# resumability
A durable research job that **actually crashes and resumes**. Set
`CRASH_AFTER_STEP=synthesize` and the example calls
`std::process::exit(137)` mid-flight. A second invocation with the
printed `RESUME_*` env vars picks up at the next step.
## Before ARCP
"Durable workflow" usually means a workflow engine: Temporal,
Cadence, Airflow. Each owns its own runtime, its own SDK, its own
store, and won't compose with another.
## With ARCP
```text
CRASH_AFTER_STEP=synthesize cargo run --example resumability
# crash; prints RESUME_JOB_ID, RESUME_AFTER_MSG_ID, RESUME_CHECKPOINT_ID
RESUME_JOB_ID=... RESUME_AFTER_MSG_ID=... RESUME_CHECKPOINT_ID=... \
cargo run --example resumability
# replays via `resume`, jumps to next step, finishes.
```
Per-step `idempotency_key` (RFC §6.4) makes the LLM call free on
replay: the runtime returns the prior outcome.
## ARCP primitives
- `workflow.start` — §19.
- `job.progress` + `job.checkpoint` — §10.
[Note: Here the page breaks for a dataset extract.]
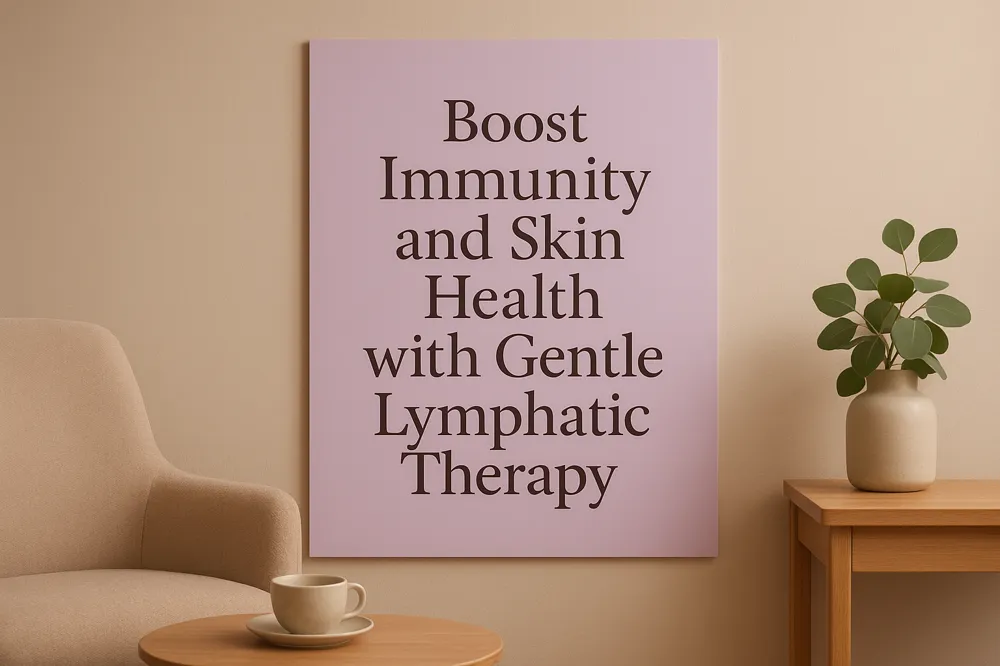 Boost Immunity and Skin Health with Gentle Lymphatic Therapy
- `resume` envelope with `after_message_id` + `checkpoint_id` — §19.
- `subscription.backfill_complete` to mark replay done — §13.3.
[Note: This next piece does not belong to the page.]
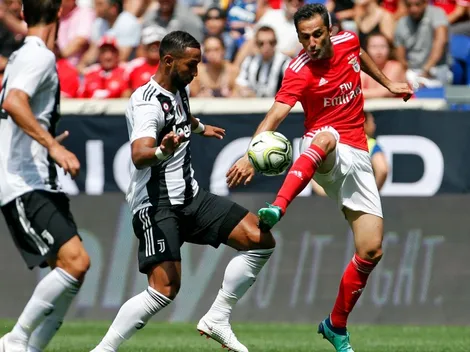 ¿Cuándo juegan Juventus vs Benfica por el Grupo H de la Champions League?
- `tool.error` with `code: DATA_LOSS` for retention loss — §18.
## File tour
- `main.rs` — start vs resume; per-step driver.
- `steps.rs` — `run_step` stub for plan/gather/synthesize/critique/finalize.
## Variations
- Persist the checkpoint id to a local file; reattach on the next
process start without env-var ceremony.
- Add idempotency salting per tenant.